Sponsored Products allow you to launch both automatic and manual campaigns, therefore giving you more opportunities for ad placements. With automatic targeting, an Amazon algorithm automatically collects and targets highly relevant keywords for the products you choose to advertise. You place bids on ad groups that contain a grouping of products, rather than keywords.

Bids are placed at the campaign level for first-party sellers. Through search terms and related products such as a listing of “similar products related to this item” that show up below the fold, automatic campaigns can provide additional benefits that you may not experience with a manual campaign.

Conversely, manual targeting allows you to apply high-performing search queries for your automatic campaign or choose your own keywords. You can fine-tune your ad spend by choosing broad, phrase, or exact keywords when bidding. Bidding at the keyword level grants more control over which queries will trigger your ads in search results. Over time, a combination of manual and automatic campaigns will best optimize keyword harvesting for your ads and will ensure comprehensive coverage on relevant search queries.

As with Google Shopping, ad groups and campaign structures play influential roles when it comes to overall Amazon Advertising efficacy. Be sure to avoid any “catch-all” or top seller types of campaigns. At a high level, these can seem effective in some capacity, generating sales at a decent ACoS, but ultimately you lose clarity and managing those campaigns is nearly impossible, especially if all the products fall into a single ad group.

Final Thoughts

Google Shopping ads and Amazon Sponsored Products have several similar features, starting with how their ads physically look. They both allow advertisers to show product images, prices, descriptions, and star ratings. In addition, they both function with a pay-per-click model, have best practices to help you drive the highest return on your ad spend, and are constantly evolving to more effectively allow advertisers to drive sales.
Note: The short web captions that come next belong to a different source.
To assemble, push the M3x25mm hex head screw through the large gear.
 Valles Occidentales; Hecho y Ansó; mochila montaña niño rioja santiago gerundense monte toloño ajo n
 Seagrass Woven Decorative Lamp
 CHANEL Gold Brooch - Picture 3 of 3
The ad types differ greatly, beginning with user intent. As mentioned previously, consumers go to Amazon when they are ready to make a purchase and not to ask informational or “how to” questions like they would on Google. With Amazon ads, the consumer is taken to the product detail page and remains on the Amazon platform. On Google, the consumer is taken to the advertiser’s own website, leaving the Google search platform. By implementing a PPC presence for your catalog and developing a thorough advertising strategy, you are enabling incremental exposure and discovery, as well as an increased velocity of sales.